--- Work request ---
Return only the lines from the one that contains "Used 2024 Honda Accord Sport image 2" through the last line of the records below, exactly as they stand. Pictures are not part of the copy.

--- Available data ---
========
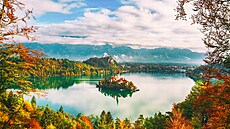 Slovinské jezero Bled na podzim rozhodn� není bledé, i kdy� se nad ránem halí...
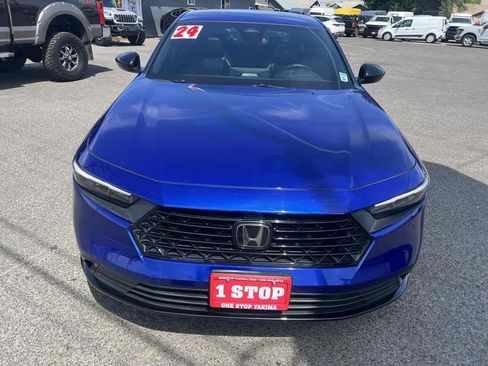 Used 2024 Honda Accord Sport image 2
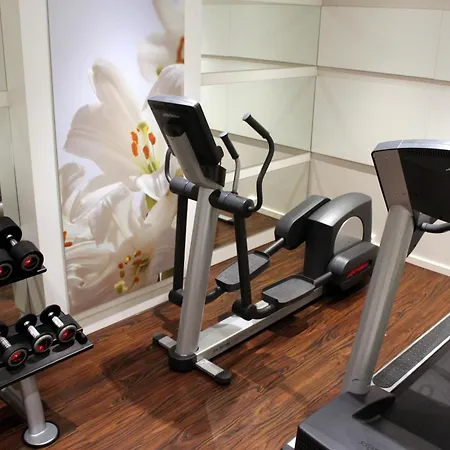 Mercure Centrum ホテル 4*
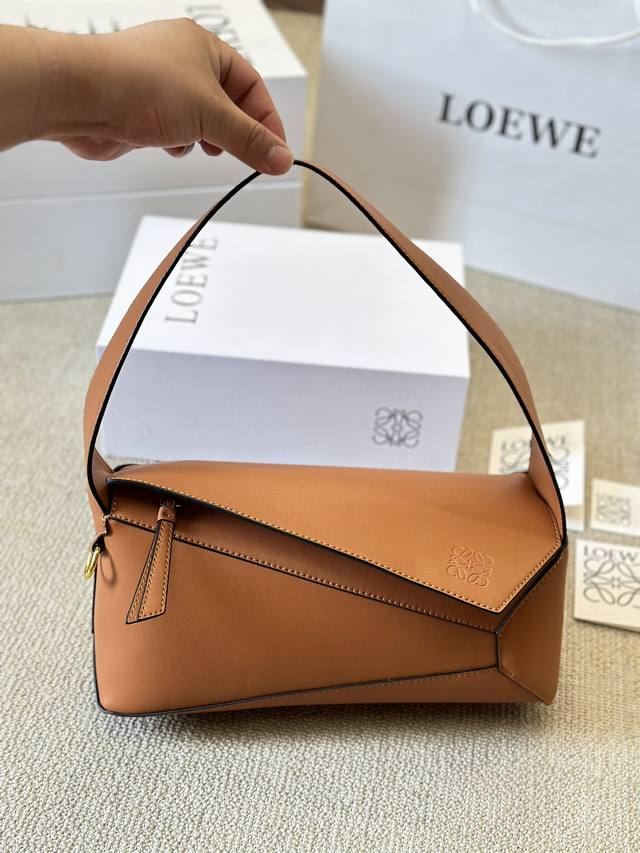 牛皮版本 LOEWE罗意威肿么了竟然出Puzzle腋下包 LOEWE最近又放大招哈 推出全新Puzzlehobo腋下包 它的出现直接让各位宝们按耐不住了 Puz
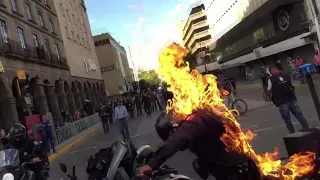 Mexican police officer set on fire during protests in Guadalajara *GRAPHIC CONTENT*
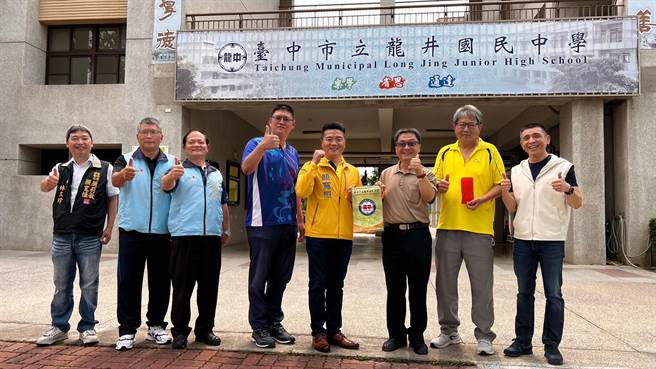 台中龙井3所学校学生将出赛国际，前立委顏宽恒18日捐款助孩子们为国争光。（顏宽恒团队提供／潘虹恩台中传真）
========
--- Output for this task ---
 Used 2024 Honda Accord Sport image 2
 Mercure Centrum ホテル 4*
 牛皮版本 LOEWE罗意威肿么了竟然出Puzzle腋下包 LOEWE最近又放大招哈 推出全新Puzzlehobo腋下包 它的出现直接让各位宝们按耐不住了 Puz
 Mexican police officer set on fire during protests in Guadalajara *GRAPHIC CONTENT*
 台中龙井3所学校学生将出赛国际，前立委顏宽恒18日捐款助孩子们为国争光。（顏宽恒团队提供／潘虹恩台中传真）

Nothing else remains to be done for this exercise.